AI Article Synopsis
- The regulation of signaling proteins at immune cell interactions is crucial for controlling immune responses and understanding their initiation and termination.
- The complexity of real immune cell interactions and their transient nature pose challenges for detailed study, particularly with advanced imaging techniques.
- A new system using synthetic vesicles to mimic immune cell surfaces allows for controlled experimentation to explore the spatial distribution of signaling molecules during immune signaling initiation.
Article Abstract
The spatiotemporal regulation of signalling proteins at the contacts formed between immune cells and their targets determines how and when immune responses begin and end. Therapeutic control of immune responses therefore relies on thorough elucidation of the molecular processes occurring at these interfaces.
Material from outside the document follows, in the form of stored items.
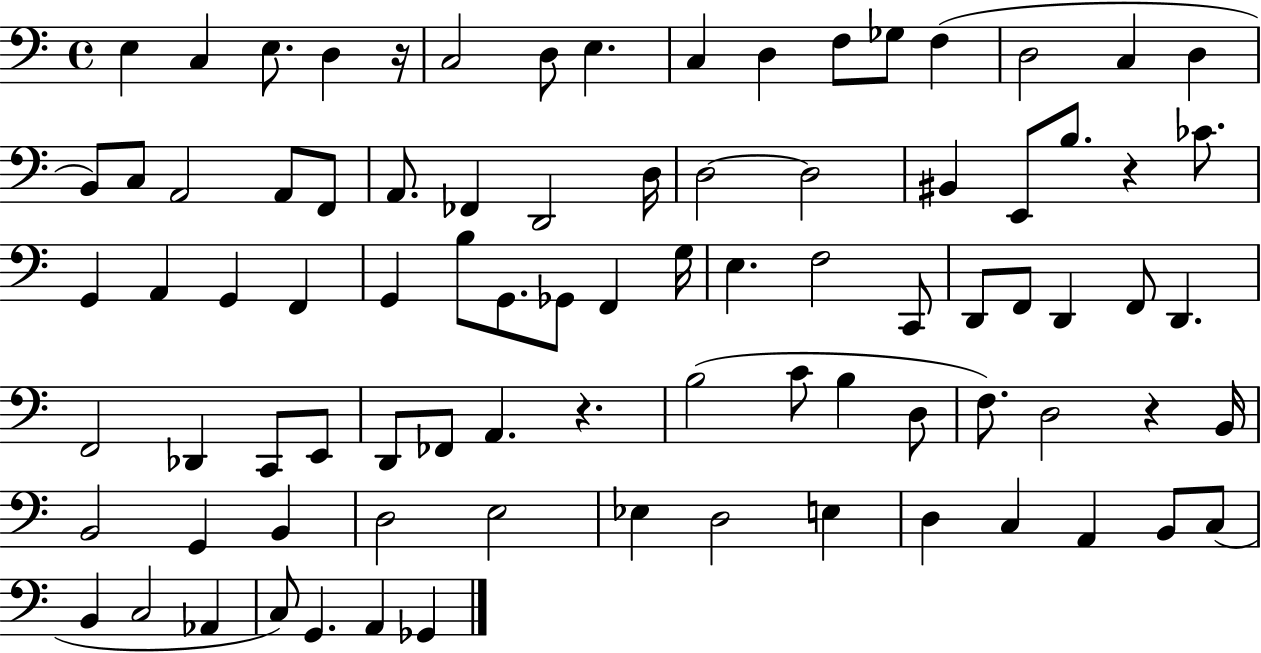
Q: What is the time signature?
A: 4/4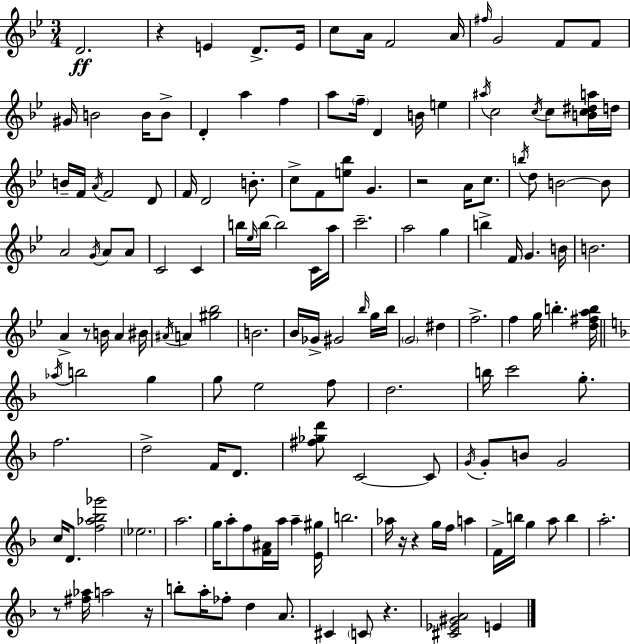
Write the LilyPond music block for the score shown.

{
  \clef treble
  \numericTimeSignature
  \time 3/4
  \key bes \major
  \repeat volta 2 { d'2.\ff | r4 e'4 d'8.-> e'16 | c''8 a'16 f'2 a'16 | \grace { fis''16 } g'2 f'8 f'8 | \break gis'16 b'2 b'16 b'8-> | d'4-. a''4 f''4 | a''8 \parenthesize f''16-- d'4 b'16 e''4 | \acciaccatura { ais''16 } c''2 \acciaccatura { c''16 } c''8 | \break <b' c'' dis'' a''>16 d''16 b'16-- f'16 \acciaccatura { a'16 } f'2 | d'8 f'16 d'2 | b'8.-. c''8-> f'8 <e'' bes''>8 g'4. | r2 | \break a'16 c''8. \acciaccatura { b''16 } d''8 b'2~~ | b'8 a'2 | \acciaccatura { g'16 } a'8 a'8 c'2 | c'4 b''16 \grace { ees''16 } b''16~~ b''2 | \break c'16 a''16 c'''2.-- | a''2 | g''4 b''4-> f'16 | g'4. b'16 b'2. | \break a'4-> r8 | b'16 a'4 bis'16 \acciaccatura { ais'16 } a'4 | <gis'' bes''>2 b'2. | bes'16 ges'16-> gis'2 | \break \grace { bes''16 } g''16 bes''16 \parenthesize g'2 | dis''4 f''2.-> | f''4 | g''16 b''4.-. <d'' fis'' a'' b''>16 \bar "||" \break \key f \major \acciaccatura { aes''16 } b''2 g''4 | g''8 e''2 f''8 | d''2. | b''16 c'''2 g''8.-. | \break f''2. | d''2-> f'16 d'8. | <fis'' ges'' d'''>8 c'2~~ c'8 | \acciaccatura { g'16 } g'8-. b'8 g'2 | \break c''16 d'8. <f'' aes'' bes'' ges'''>2 | \parenthesize ees''2. | a''2. | g''16 a''8-. f''8 <f' ais'>16 a''16 a''4-- | \break <e' gis''>16 b''2. | aes''16 r16 r4 g''16 f''16 a''4 | f'16-> b''16 g''4 a''8 b''4 | a''2.-. | \break r8 <fis'' aes''>16 a''2 | r16 b''8-. a''16-. fes''8-. d''4 a'8. | cis'4 \parenthesize c'8 r4. | <cis' ees' gis' a'>2 e'4 | \break } \bar "|."
}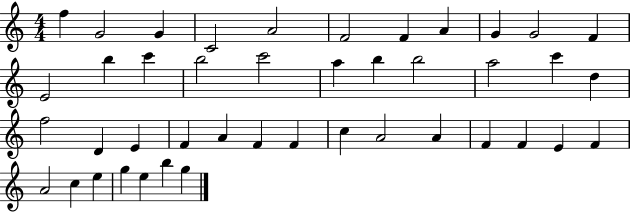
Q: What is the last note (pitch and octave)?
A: G5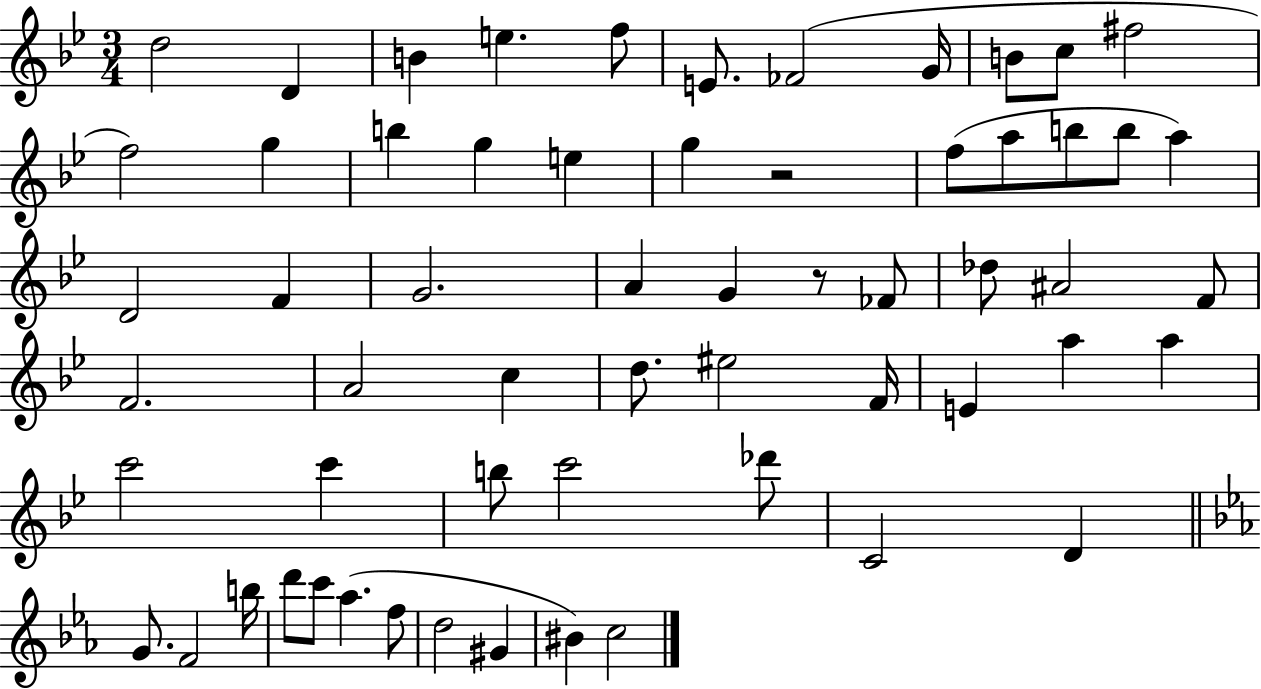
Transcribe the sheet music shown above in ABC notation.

X:1
T:Untitled
M:3/4
L:1/4
K:Bb
d2 D B e f/2 E/2 _F2 G/4 B/2 c/2 ^f2 f2 g b g e g z2 f/2 a/2 b/2 b/2 a D2 F G2 A G z/2 _F/2 _d/2 ^A2 F/2 F2 A2 c d/2 ^e2 F/4 E a a c'2 c' b/2 c'2 _d'/2 C2 D G/2 F2 b/4 d'/2 c'/2 _a f/2 d2 ^G ^B c2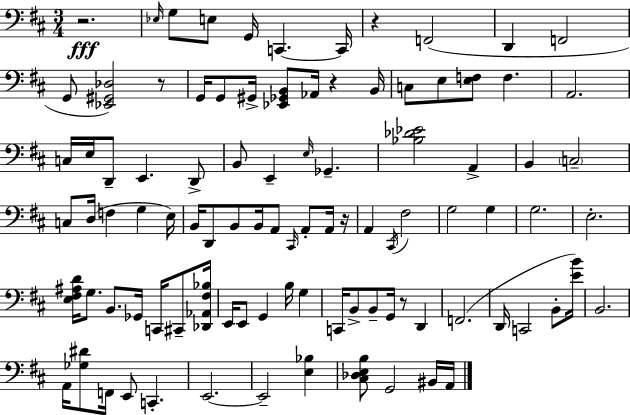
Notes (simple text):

R/h. Eb3/s G3/e E3/e G2/s C2/q. C2/s R/q F2/h D2/q F2/h G2/e [Eb2,G#2,Db3]/h R/e G2/s G2/e G#2/s [Eb2,Gb2,B2]/e Ab2/s R/q B2/s C3/e E3/e [E3,F3]/e F3/q. A2/h. C3/s E3/s D2/e E2/q. D2/e B2/e E2/q E3/s Gb2/q. [Bb3,Db4,Eb4]/h A2/q B2/q C3/h C3/e D3/s F3/q G3/q E3/s B2/s D2/e B2/e B2/s A2/e C#2/s A2/e A2/s R/s A2/q C#2/s F#3/h G3/h G3/q G3/h. E3/h. [E3,F#3,A#3,D4]/s G3/e. B2/e. Gb2/s C2/s C#2/e [Db2,Ab2,F#3,Bb3]/s E2/s E2/e G2/q B3/s G3/q C2/s B2/e B2/e G2/s R/e D2/q F2/h. D2/s C2/h B2/e [E4,B4]/s B2/h. A2/s [Gb3,D#4]/e F2/s E2/e C2/q. E2/h. E2/h [E3,Bb3]/q [C#3,Db3,E3,B3]/e G2/h BIS2/s A2/s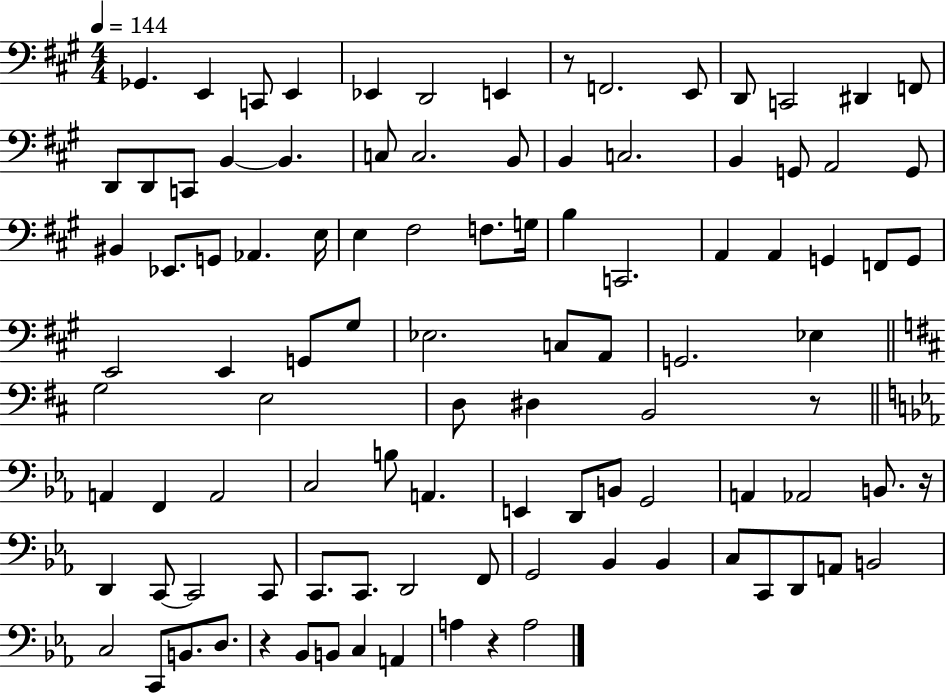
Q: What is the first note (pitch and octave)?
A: Gb2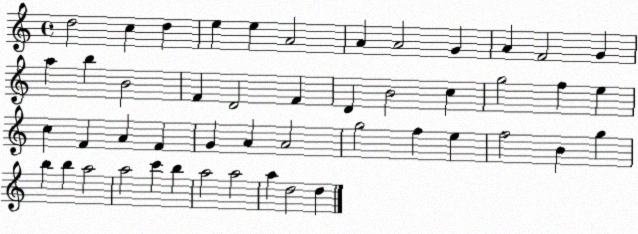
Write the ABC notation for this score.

X:1
T:Untitled
M:4/4
L:1/4
K:C
d2 c d e e A2 A A2 G A F2 G a b B2 F D2 F D B2 c g2 f e c F A F G A A2 g2 f e f2 B g b b a2 a2 c' b a2 a2 a d2 d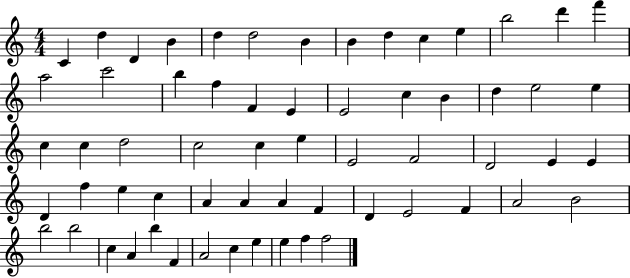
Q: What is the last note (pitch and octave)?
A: F5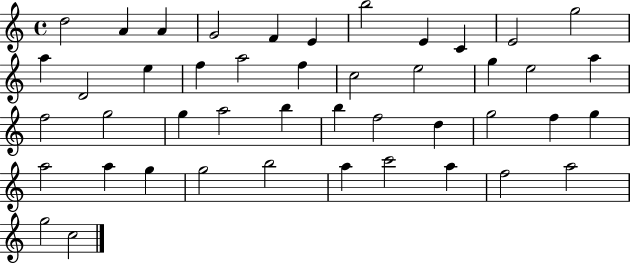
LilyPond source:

{
  \clef treble
  \time 4/4
  \defaultTimeSignature
  \key c \major
  d''2 a'4 a'4 | g'2 f'4 e'4 | b''2 e'4 c'4 | e'2 g''2 | \break a''4 d'2 e''4 | f''4 a''2 f''4 | c''2 e''2 | g''4 e''2 a''4 | \break f''2 g''2 | g''4 a''2 b''4 | b''4 f''2 d''4 | g''2 f''4 g''4 | \break a''2 a''4 g''4 | g''2 b''2 | a''4 c'''2 a''4 | f''2 a''2 | \break g''2 c''2 | \bar "|."
}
However, the detailed investigation of each component's contribution to the formation and regulation of the contact is hampered by the complexities of cell composition and architecture. Moreover, the transient nature of these interactions creates additional challenges, especially in the use of advanced imaging technology. One approach that circumvents these problems is to establish systems that faithfully mimic immune cell interactions, but allow complexity to be 'dialled-in' as needed. Here, we present an system that makes use of synthetic vesicles that mimic important aspects of immune cell surfaces. Using this system, we began to explore the spatial distribution of signalling molecules (receptors, kinases and phosphatases) and how this changes during the initiation of signalling. The GUV/cell system presented here is expected to be widely applicable.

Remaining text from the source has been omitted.